On Facebook’s Commitment to Human Rights, the Opportunity to Prevent Crimes and the Right for Truth-Seeking and Memory for Murdered Mexican Journalists

On Facebook’s Commitment to Human Rights, the Opportunity to Prevent Crimes and the Right for Truth-Seeking and Memory for Murdered Mexican Journalists

[Alejandra Ibarra Chaoul is a journalist and executive director of Defensores de la Democracia, a Mexican nonprofit focused on preventing violence against journalists via memory-building and new narratives for social change.]

With 14 journalists killed in Mexico in 2022, the country sustained its place as the world’s deadliest for media workers, even surpassing countries at war, like Ukraine or Yemen, according to Reporters Without Borders. Since the year 2000, the British organization Article 19, which advocates for freedom of information, has documented a toll of 157 reporters killed and 30 more that have disappeared. The sustained nature of this crisis can be explained by impunity (86% of these crimes remain unsolved. The few cases that have been solved only prosecuted the hitmen who killed the journalists; those who ordered the crime –the masterminds—are rarely arrested, prosecuted, tried or sentenced. This impairs the victims’ right for truth), but part of its cause can be attributed to the precarity of employment for Mexican journalists. On average, local reporters in Mexico make $242 monthly; salaries oscillate between $48 and $872. The lack of institutional support from media outlets isn’t only observable in the alarmingly low salaries. 

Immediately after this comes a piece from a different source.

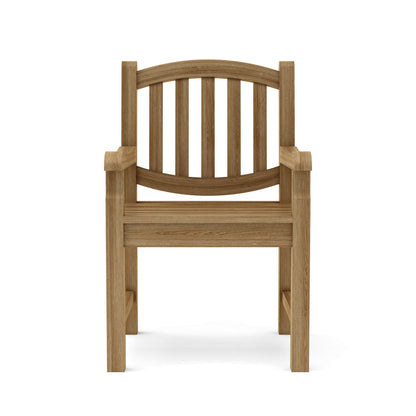 Wooden chair with armrests on a white background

On March 16, 2019 Francisco Romero Díaz was lured to a trap that led to his death. As dawn broke in the tourist city of Playa del Carmen, the reporter’s cellphone screen showed a new notification. It was a tip about a breaking news situation; it came from an anonymous account. Romero Díaz was accustomed to this. He’d received messages on the social platform and via SMS with information about breaking news before. That’s how he’d found out about the mass shooting in BPM, the electronic music festival, two years prior and that was how he’d known about the shooting in Cervecería Chapultepec, a local bar, a week earlier. 

Romero Díaz, a local journalist, reported exclusively for the news outlet Ocurrió Aquí (It Happened Here), which he created and owned. Unlike other media outlets, Ocurrió Aquí existed solely as a Facebook page, nothing more; Facebook wasn’t a means to share the reporting hosted on a different website or print newspaper; it wasn’t the tool Romero Díaz used to engage with an audience that watched his television program or listened to a radio station. The Facebook page was it. It was the only place where Ocurrió Aquí existed. 

This was unquestionably innovative, but not Romero Díaz’ idea. Before him, his mentor and friend Rubén Pat Cauich founded another news outlet on a Facebook page: Semanario Playa News Aquí y Ahora (Playa News Weekly Here and Now). And just like Romero Díaz, Pat Cauich didn’t do this as a free, creative, editorial decision, but out of need. 

Before creating Semanario Playa News Aquí y Ahora, Pat Cauich worked at a national print paper with offices in the state of Quintana Roo called Por Esto! He covered the police beat and had been reporting on crime for over a decade. While at Por Esto! he met Romero Díaz, who was the delivery person: he took the paper to the selling points by motorcycle. Along his routes Romero Díaz encountered car crashes, fires, and breaking news events that he sometimes recorded or photographed with his phone. He often brought good material to the newsroom so the editor in chief promoted him to breaking news reporter and placed him under Pat Cauich’s watch, who was tasked to mentor him. A few months after Romero Díaz’ promotion, Por Esto! closed its entire operation in the state of Quintana Roo leaving all the staff unemployed. 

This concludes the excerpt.